American progressive rock/avant-jazz group

The Muffins were an American Maryland-based progressive rock/avant-jazz group. They were formed in Washington, DC in the early 1970s and recorded four albums before disbanding in 1981. In 1998 the group reformed and recorded a further five albums and a DVD. The Muffins played at Symphony Space on Broadway in NYC with Marion Brown in 1979, and also performed at a number of festivals, starting with the ZU Manifestival in New York City in 1978, The Villa Celimontana festival in Rome, Italy in 2000, two appearances at Progday in 2001 and 2002, NEARfest in 2005, and the "Rock in Opposition" festival in France in 2009. In 2010, the Muffins headlined at Progday, making a third appearance at this long running festival.

The Muffins are largely an instrumental band inspired and influenced by avant-garde jazz, progressive rock, 20th-century music, and the English Canterbury scene. They work in an "underground genre" Perfect Sound Forever called "the avant-garde side of latter-day US progressive jazz-rock", and place "the joy of creation over commercial concerns". The Rolling Stone Record Guide called them the "spiritual American cousins of Henry Cow and Soft Machine", and AllMusic described their music as a "unique blend of Canterbury progressive, fusion, improvisation and much more."

==History==
In 1973, keyboardist and saxophonist Dave Newhouse, guitarist Michael Zentner and bassist Billy Swann, disillusioned with the state of American rock music at the time, decided to form their own group. They moved into a large farmhouse in Gaithersburg, Maryland they called the Buba Flirf house, and turned for inspiration to a new "Canterbury" style of music (Soft Machine, Caravan and others) that was coming out of England at the time. In 1974, saxophonist Thomas Scott joined the group. Although Scott came from a classical and big-band jazz background, he also had an affinity for Soft Machine and other British progressive rock groups like Gentle Giant. After a succession of drummers, Stuart Abramowitz joined on drums in 1975, but left in July 1976, along with guitarist Zentner. The remaining trio decided to continue without a guitarist and drummer, and started exploring improvisation. In late 1976 they found an "adventurous" drummer Paul Sears, who not only relieved the other members from shared percussion duties, but also, according to Scott, "open[ed] the Muffins up."

With its membership now stable, the Muffins as a quartet began exploring "a unique sound in an instrumental setting", mixing improvisation with composed pieces. They drew on several styles, including the Canterbury scene and the experimental sound of the English avant-rock group Henry Cow. Henry Cow had a big impact on the band – Newhouse said that "Living in the Heart of the Beast" from their album In Praise of Learning "had a tremendous influence on me." During late 1975 and early 1976 the Muffins made a number of studio and home demos, but did not release them. Many, however, were later released on an album Chronometers by Cuneiform Records in 1993.

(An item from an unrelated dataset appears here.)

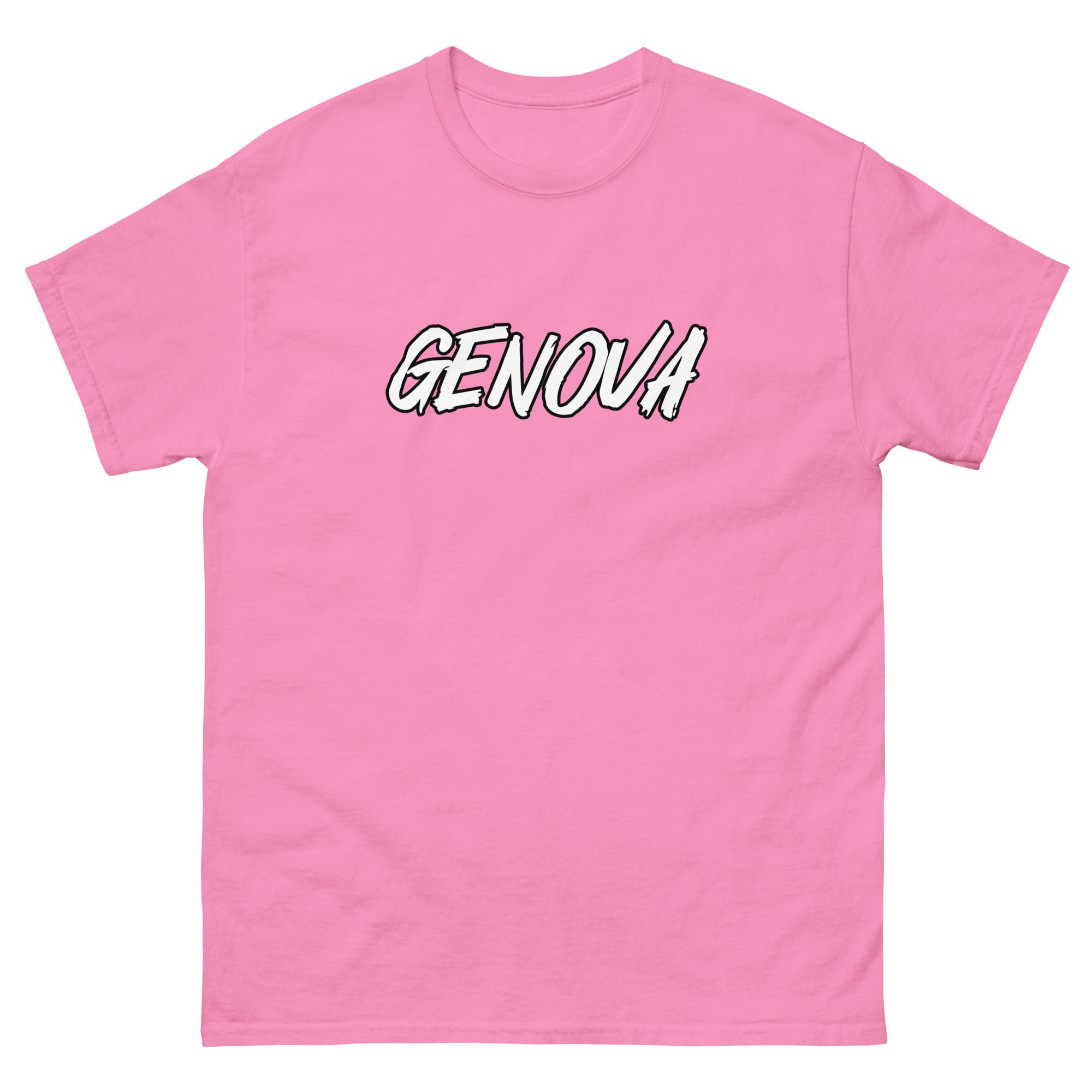 Genova Big Print Shirt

But the price for putting "the joy of creation over commercial concerns" made it difficult for the band to fit into the local Maryland/Virginia/D.C. music scene. Reaction to their performances was often indifferent, but they did slowly start to build up a "small-but-rabid cult following". In 1977 the Muffins moved to a new house in Rockville, Maryland, which they converted into a recording studio. They also established their own independent record label, Random Radar Records to release their own music and that of other "like-minded locals". In 1978 the Muffins released their first official album, Manna/Mirage, which received college radio airplay and generally "positive press". The New Gibraltar Encyclopedia of Progressive Rock called the album an American approach to the style of Henry Cow, and Chris Cutler and Fred Frith of Henry Cow apparently "liked it a lot". After Henry Cow disbanded in August 1978, Frith moved to New York City and later performed with the Muffins in Washington, D.C. In November 1979 Frith recorded with them as his backing band in Tom Scott's Rockville studio for his 1980 solo album, Gravity. He also produced and played on their next album, 185 in September 1980, which, Scott said, "[gave] us some new and interesting sounds, [and] a bit of credibility and international recognition that we were missing."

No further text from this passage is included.